Les signataires s’appuient sur deux arguments. Le premier est financier : la Ville et l’Eurométropole ont financé « l’essentiel de la rénovation du stade de la Meinau », à hauteur de 160 millions d’euros d’argent public selon la lettre, ce qui fonderait « la légitimité » des collectivités à intervenir sur la gouvernance du club. Le second est juridique : la loi sur l’organisation, la gestion et le financement du sport professionnel, adoptée par le Parlement le 23 juillet, ouvre selon eux un droit de saisine des instances de contrôle aux associations de supporters comme aux collectivités dans le cadre d’un rachat de club.

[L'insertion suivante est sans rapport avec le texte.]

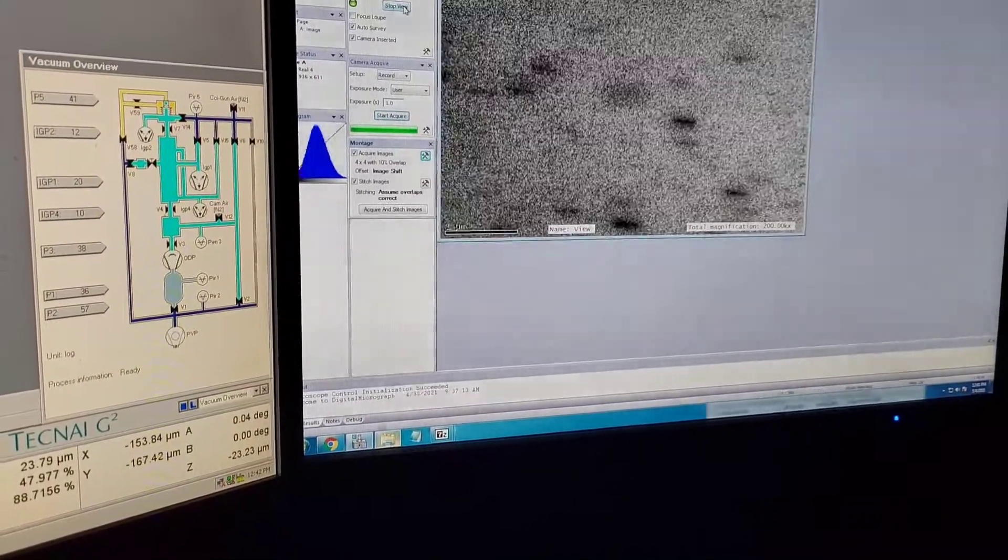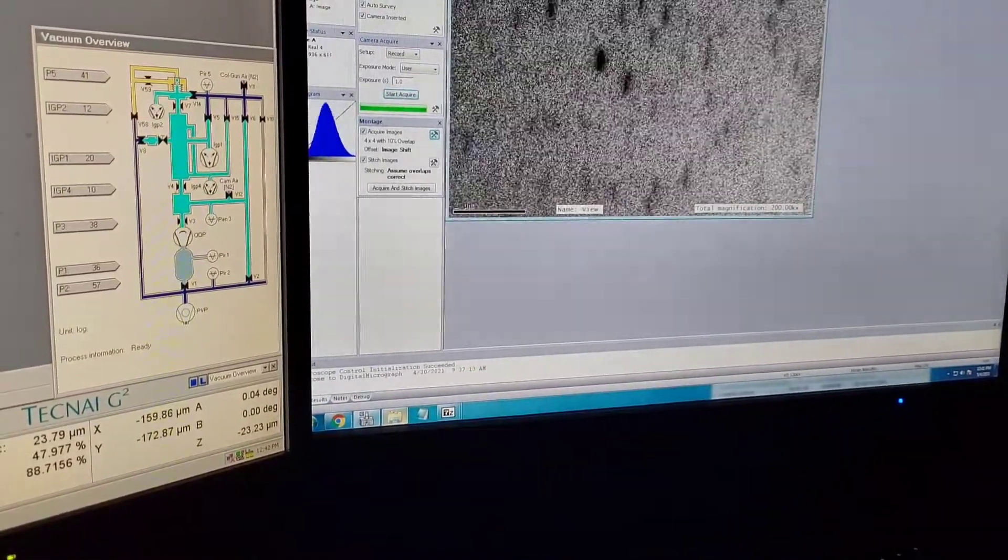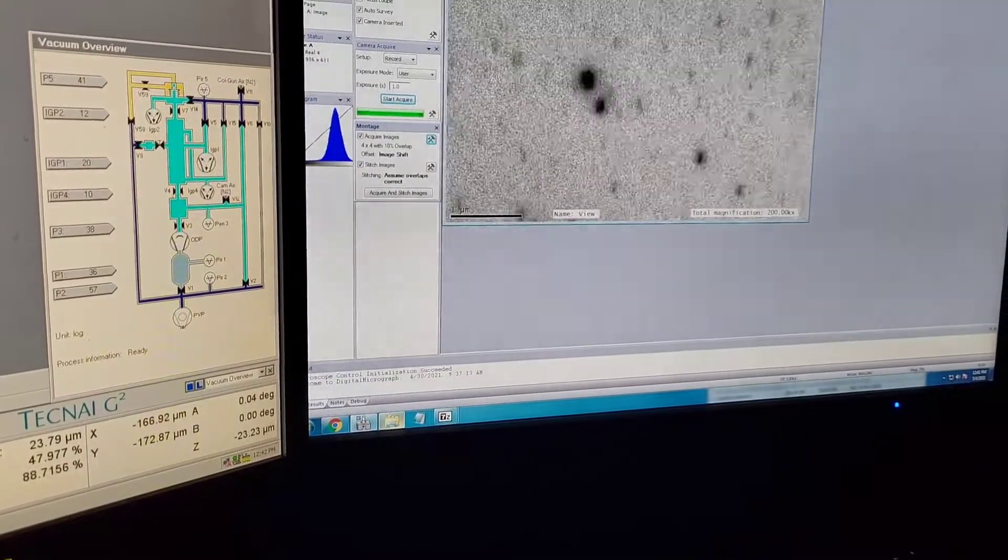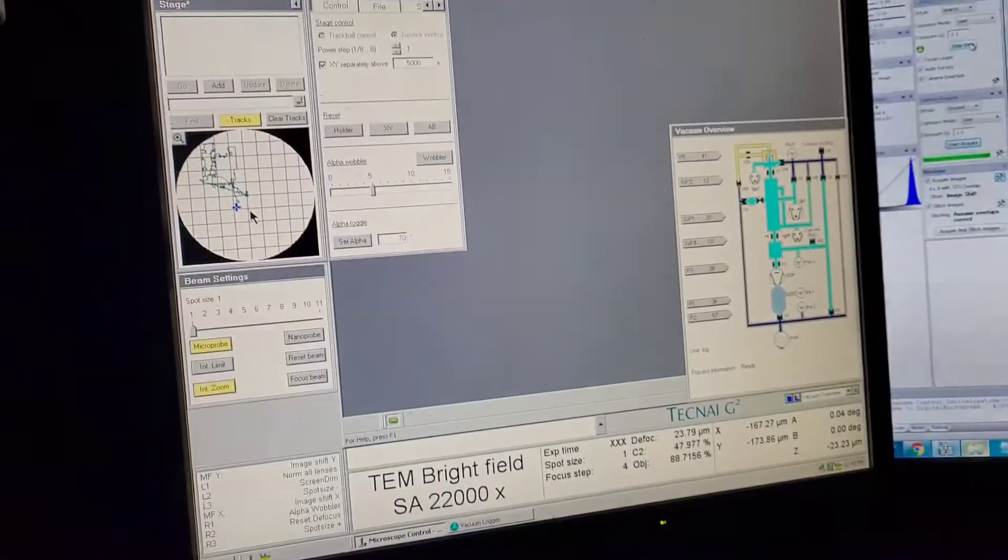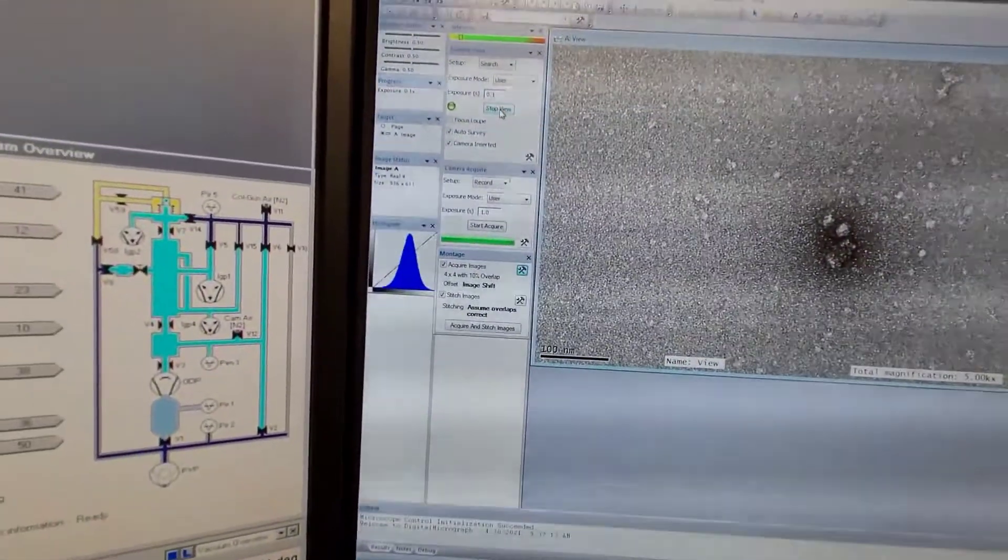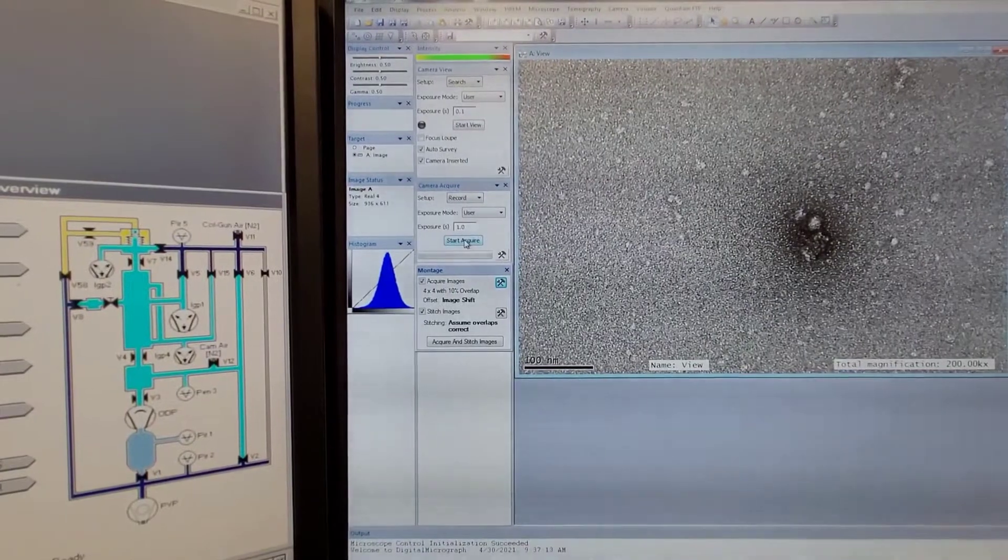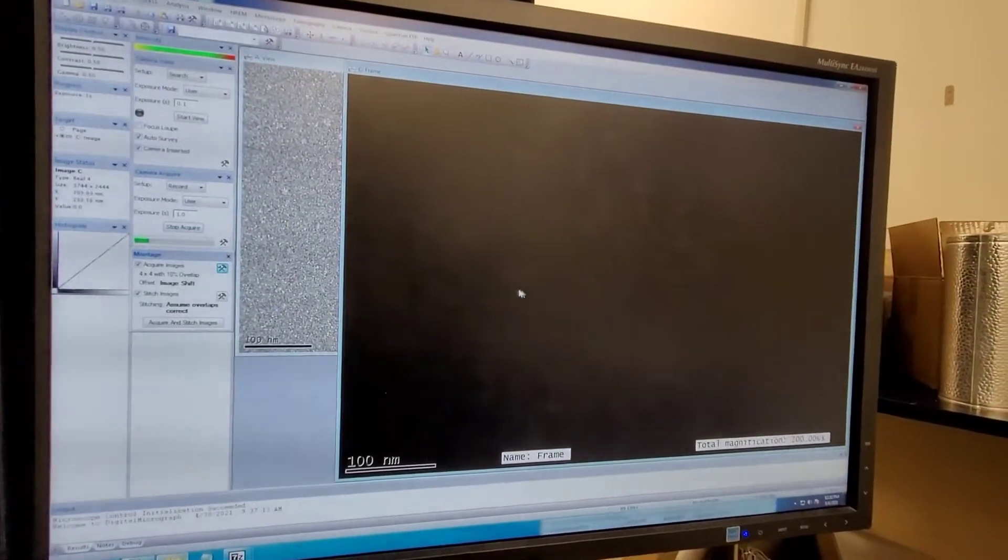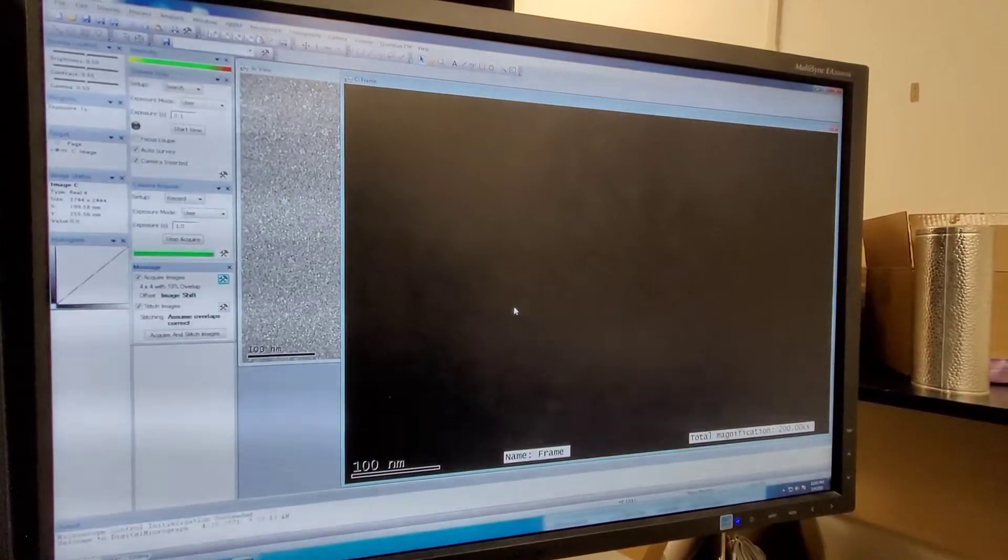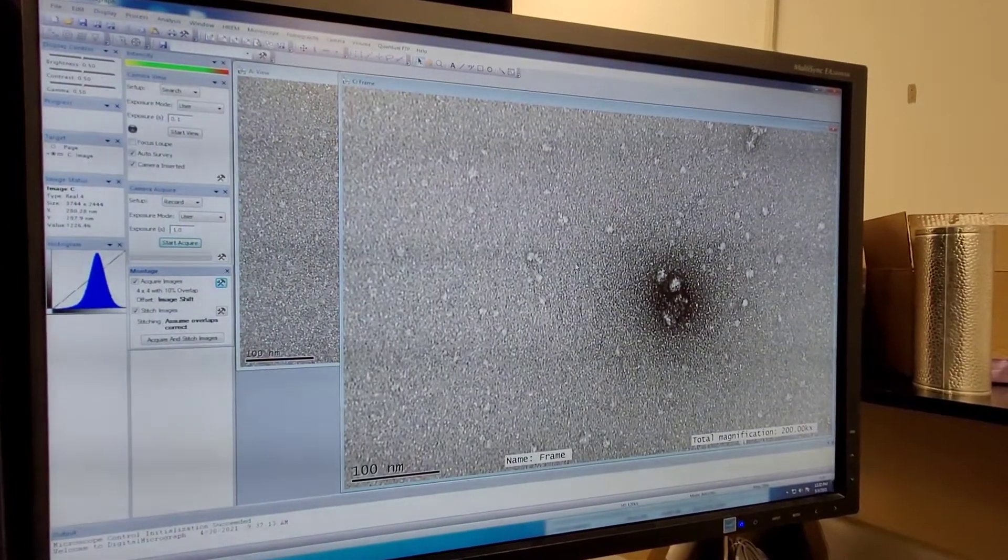The focus might change a little bit depending on the magnification you have and where in the grid you are, so you might have to adjust that. To take an image, you stop the view, start acquiring an image, and then you wait for it to acquire. Then you see if it's a good image.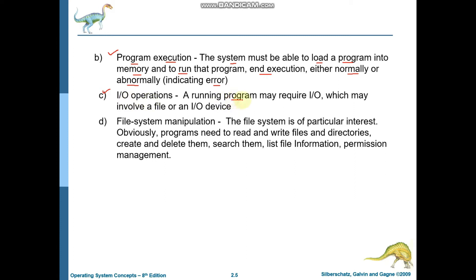Using I/O operations, you can execute your program and perform the operations of I/O devices. The operating system provides this service so your device can perform the required I/O operations. Another important service provided by the operating system is file system manipulation.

Trois demandes et un rendez-vous
La Fédération et ses cosignataires formulent trois demandes. Une médiation personnelle de la maire auprès de Behdad Eghbali, dirigeant de Clearlake Capital, qu’elle présente comme « unique décisionnaire du club », afin d’obtenir « une prise de parole publique sur ses intentions et sa stratégie pour le Racing ». La levée de l’interdiction, dans le stade, des visuels réclamant le départ de l’actionnaire BlueCo, une mesure qu’elle juge contraire à « l’usage des stades européens ». Et un engagement de la collectivité à saisir les instances de contrôle du football « si vous estimez que la situation du club l’exige ».
Le courrier se termine par une demande de rendez-vous pour présenter le dossier « de vive voix ». Il intervient alors que le club prépare l’inauguration officielle de la nouvelle Meinau, prévue au printemps 2027 en présence de la maire. Ni la Ville ni le Racing n’avaient réagi publiquement à la lettre jeudi en fin de journée.